I travelled to Vaasa, Finland, as an Irish participant in an INCLUDE ME event. It was a four-day programme with people from across the EU, including Turkey, Ukraine, Germany, Austria, Finland, and Sweden. From the start, the mix of experiences and perspectives shaped every conversation. It was eye-opening in the best sense: honest stories, careful listening, and space to reflect.

Across the four days we shared experiences from war-stricken countries. Hearing these accounts changed how I approached every discussion. They grounded the theory in real life. We also debated hot news topics that we found through social media. The pace of online information was part of the lesson. We looked at what trends, why it spreads, and how our own reactions can either add heat or add clarity. The war in Gaza came up often. It demanded care, facts, and respect.

We spent focused time on how algorithms shape what we see. I learnt how feeds prioritise speed, emotion, and engagement. That can hide context and push extreme content to the top. We looked at examples of fake news and how biased information can slip into our timelines through subtle framing, selective images, or half-true claims. This made me more alert to why two people can open the same app and see two different worlds.

A major strand of the event was digital mediation. We focused on how to keep dialogue constructive online, especially when topics are sensitive or polarising. I practised slowing down before responding, paying attention to context, and choosing words that reduce conflict rather than increase it. Linked to this, we worked on activities about hate speech online and how to overcome its effects. These sessions were practical. They showed me how harmful content influences people and how to respond in ways that protect those targeted while keeping discussions within safe boundaries.
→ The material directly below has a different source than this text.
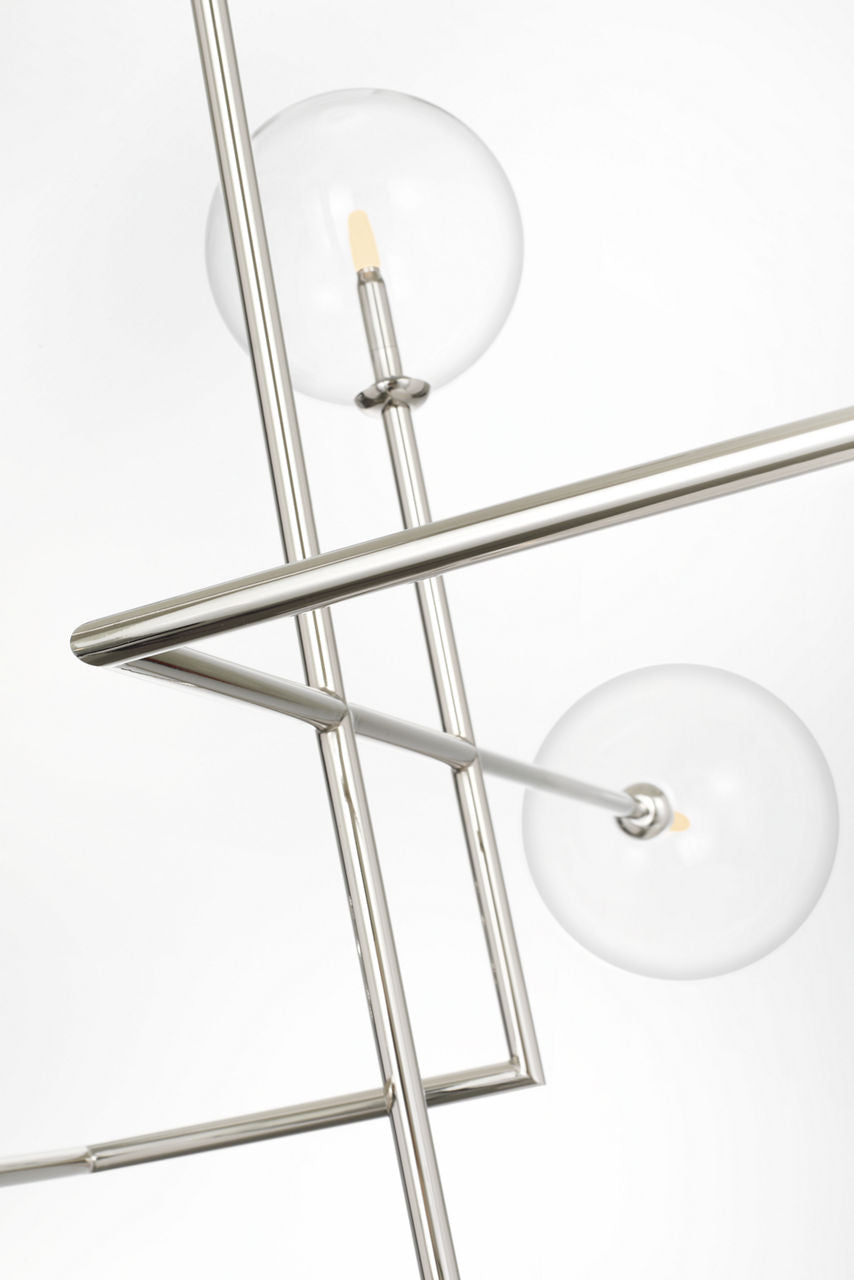 Linnea 57" Chandelier | Polished Nickel | Clear Glass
We also strengthened basic verification habits. I learnt to pause before sharing, check sources and dates, and look for original evidence. This helped me spot when a “breaking” post was old, when a caption was misleading, or when a headline carried a clear bias. It was simple practice, repeated across real posts, and it worked.

INCLUDE ME is a cross-EU initiative that uses inclusion through mediation to strengthen the role of digital media in promoting participation, democracy, and peacebuilding. That aim was present in every activity. It was visible in the mix of countries in the room, in the topics we chose, and in the way we handled disagreement. By comparing experiences across different contexts, I began to see shared habits that can make digital spaces healthier.

By the end, I could see what I had gained. I had taken part in collaborative and research-based learning. My critical media literacy had grown through repeated practice with social media examples, including those shaped by algorithms, fake news, and bias. I felt more able to identify, create, and disseminate inclusive digital content. Most of all, I left with a clearer sense of my role in digital spaces: to listen first, check sources, and support dialogue that brings people in rather than pushes them out.